Volodymyr Zelenskyy has said his troops will push Russian soldiers back “to the border” after Ukraine launched a counterattack to retake territory in the south.
“We will push them to the border. To our border, the line of which has not changed. The invaders know it well,” said the Ukrainian president in his nightly address.
Ukrainian troops broke through Russian defences on the frontline in several areas near the city of Kherson, said a senior adviser to Mr Zelenskyy on Monday.
Oleksiy Arestovych said the defences were breached in just “a few hours”.
Kherson, a port city of a quarter of a million inhabitants on the right bank of the lower Dnipro river, was the first major city and only regional capital to have fallen to Russian forces since the February invasion.
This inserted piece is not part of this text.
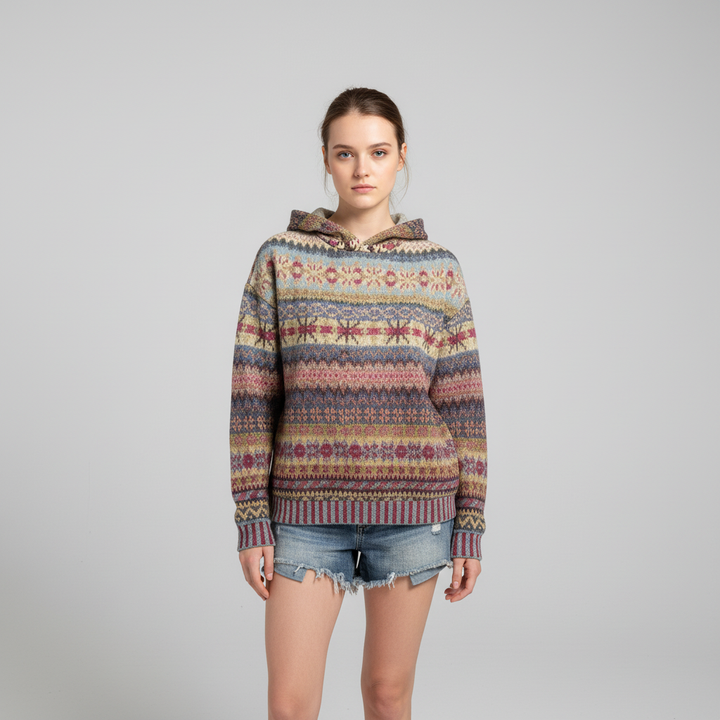 Casual women's patterned hoodie, Claudia, in soft cotton blend fleece, vintage style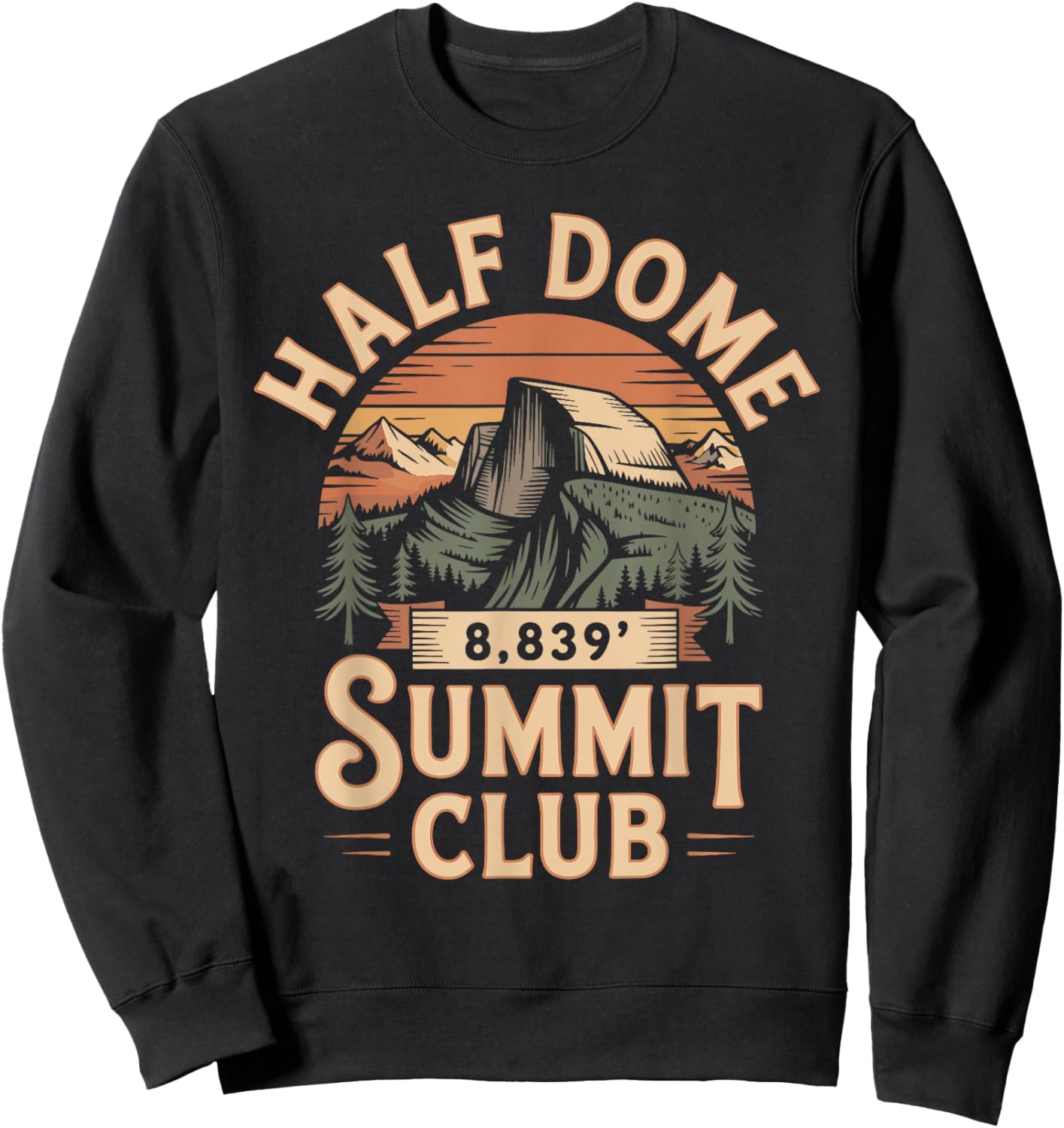 Half Dome Summit Club Shirt Hiking Sweatshirt - Sweatshirt | Black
Russian forces appear more vulnerable here than on other fronts, The Telegraph reports, with an estimated 20,000 troops in a pocket west of the river reliant on three bridges for resupply.
Recapturing Kherson would prove to Ukrainians in other occupied cities that they can yet be liberated. And an advance here could also reassure Western allies who, facing surging energy prices and rising inflation at home, may tire of providing costly support to a war that threatens to develop into a grinding stalemate.
Ukraine’s presidential adviser, Mykhailo Podolyak, cautioned against “super-sensational announcements” about a counteroffensive.
But it is clear that there is new optimism in the air.
“If they want to survive, it is time for the Russian military to flee,” Mr Zelenskyy has said.
Further east, fears over a potential accident at the Zaporizhzhia nuclear plant persist, but an international safety team is finally on the way after days of negotiations.
The International Atomic Energy Agency said staff would assess damage to the facility – the biggest nuclear power station in Europe – as well as checking on safety and security systems, and the working conditions of the Ukrainian staff.